До вокзала провожались всей компанией, о существовании которой еще несколько часов назад я не подозревала. Матушка отправилась на вечернюю службу. И я пожалела, что не осталась еще на день – именно из-за Всенощной и утренней литургии. Это был мне урок на будущее. Но так удивительно все сплелось в тот приезд – не разделишь, пожалуй.

Вернувшись в Москву, в ожидании участи, я стала меньше реагировать на Вадима, хотя раздражал он меня по-прежнему. Спустя несколько дней мне почему-то очень захотелось позвонить одному знакомому режиссеру: подумала, может, работу какую-нибудь подкинет? Но работы не было, и я спросила:

– Случайно у тебя нет знакомых, которые могли бы сдать комнату хорошему человеку?

– Совершенно случайно и секретно – есть, – ответил он.
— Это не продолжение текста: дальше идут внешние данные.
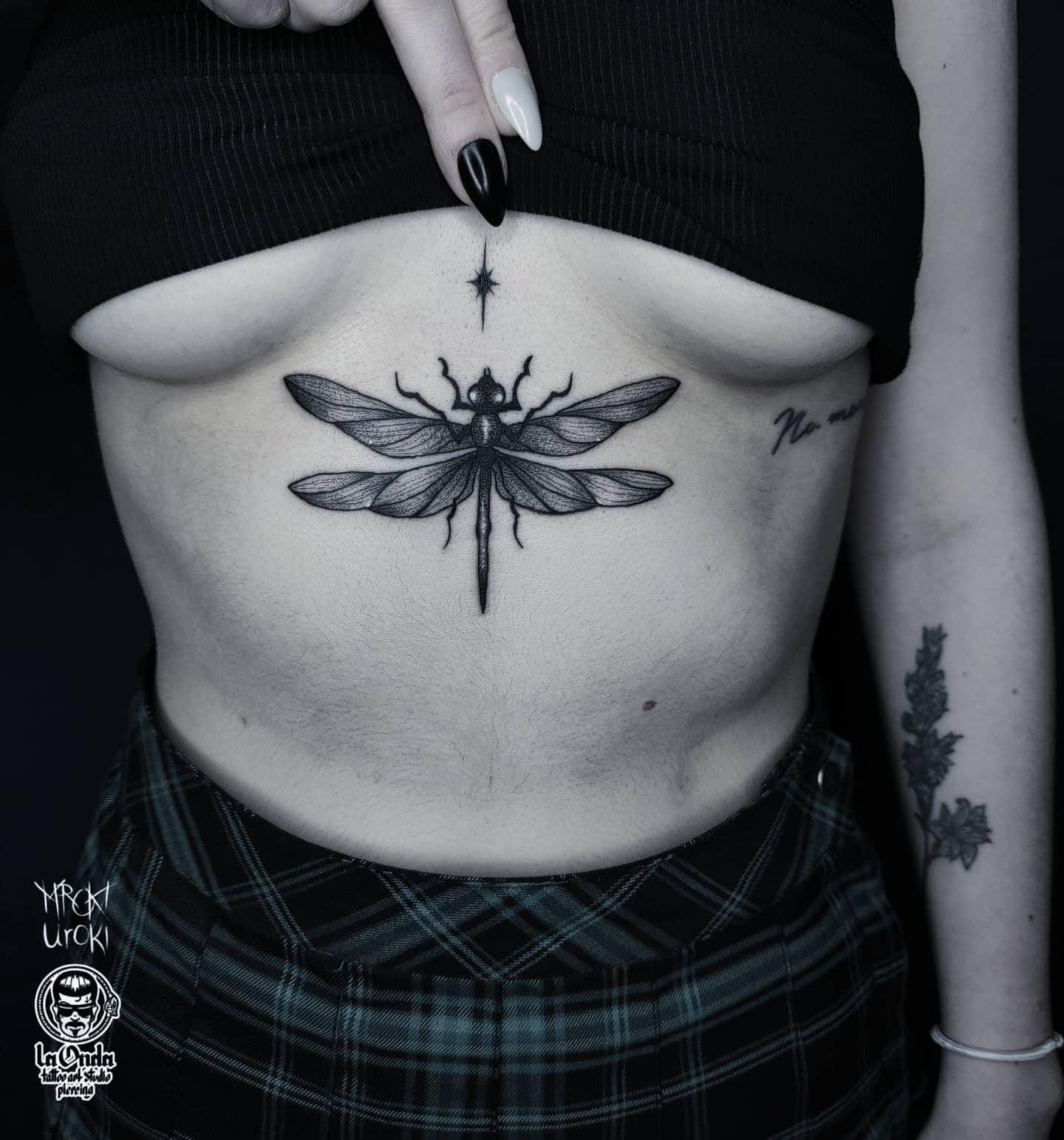 Inksearch tattoo MrokiUroki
В течение следующей недели мы выясняли с Вадимом отношения, о чем лучше не вспоминать… Сказала, что он должен уйти, и встретила, конечно, бурное сопротивление. Устав от бесконечных пререканий, я чуть было не согласилась назначить ему «последний испытательный срок». Но, помня игуменское «вам надо расстаться и посмотреть…», обливаясь внутри слезами, заставила Вадима собрать вещи и переехать в предложенную комнату.

– Наташик, понял. Я должен исправиться. Я исправлюсь и вернусь к тебе таким, как ты хочешь, – сказал при расставании. – Мне будет очень трудно.

– Мне тоже, – ответила я.

Хлопнула дверь, отрезав прошлое.

Душа ныла в ожидании, когда он «исправится и вернется». Вадим не возвращался и не давал о себе знать. Только через режиссера, предложившего комнату, я узнавала, что у него все в порядке, быт как-то наладился.

Обрыдлый нарушитель моего спокойствия исчез, но лучше от этого мне не стало: замучило чувство вины. Постоянный анализ переживаний, размышления о дальнейшем одиночестве одним словом, интеллигентская рефлексия извела меня вконец. Месяца два прошло в борениях. Наконец я решилась снова ехать в Печорский монастырь к игумену N вопросить: что же дальше?

Остановилась у доброй монахини: она сразу вспомнила меня.

– Как мне отыскать этого игумена N?

– А ты помолись, так где-нибудь и встретишь, – ответила она. – Помоги тебе, Господи.

Не знаю, по чьей молитве, но я увидела игумена на монастырском дворе сразу, как только спустилась вниз. Он куда-то торопился.